The flags of Greece, Austria and France – the hosts of the next Winter Games in the French city of Grenoble – were hoisted to the sound of their national anthems before, at 21:33, IOC President Avery Brundage officially declared the IX Olympic Winter Games closed. The flame burning brightly atop the Bergisel was slowly extinguished to the sound of the song Innsbruck, ich muß dich lassen (“Innsbruck, I Must Leave You”).

The Olympic Winter Games Innsbruck 1964 were a huge success in every sense and were superbly organised. In response to unseasonably low snowfall, thousands of Austrian soldiers had transported snow from the peaks of the Tyrol down to the competition venues to ensure that the events went ahead without a hitch.

Attendance figures were also high. In total, some 1,073,000 winter sports fans came along to watch the athletes in action on the slopes and at the ice rinks, with the Alpine skiing events and ice hockey matches attracting record crowds.

The Games also left an important legacy for Innsbruck. The sports facilities, roads, bridges and Olympic Village built for the event were all put to effective use in the years that followed. And when Denver (USA), which in 1970 had been chosen by the IOC to host the 1976 edition of the Winter Games, later decided to pull out, Innsbruck was named as its replacement. Though it only had three years in which to prepare for its second Olympic Winter Games, the city made use of and modernised its existing facilities and proved, once again, the perfect host.
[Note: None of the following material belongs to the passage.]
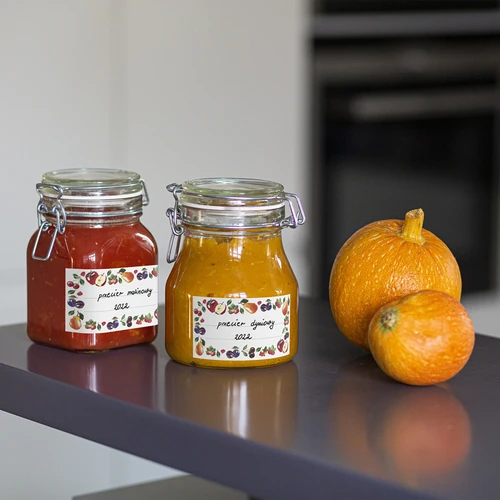 Pašlīmējošas etiķetes ar augļu motīvu 85/45 mm - 20 gab. - 5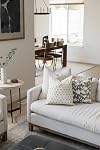 Woven Nook - Modern & Luxurious 18" x 18" Decorative Boho Throw Pillow Covers - Durable Quality & Machine Washable - 100% Cotton - Fleur Design - 4 Pack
Seefeld remains to this day a fixture on the Nordic combined World Cup calendar and also hosts major international cross-country skiing and biathlon competitions, while the Igls track is one of the world’s leading bobsleigh, luge and skeleton venues. The large hill on the Bergisel is an essential destination on the world ski jumping circuit, while OlympiaWorld Innsbruck, located in the city itself, hosts a wide variety of events.

In December 2008 Austria’s fifth-largest city (population 121,000) received the majority backing of the IOC to stage the inaugural Winter Youth Olympic Games in 2012, an occasion on which it became the first city in the world to stage three Winter Games, making yet another compelling contribution to the Olympic story.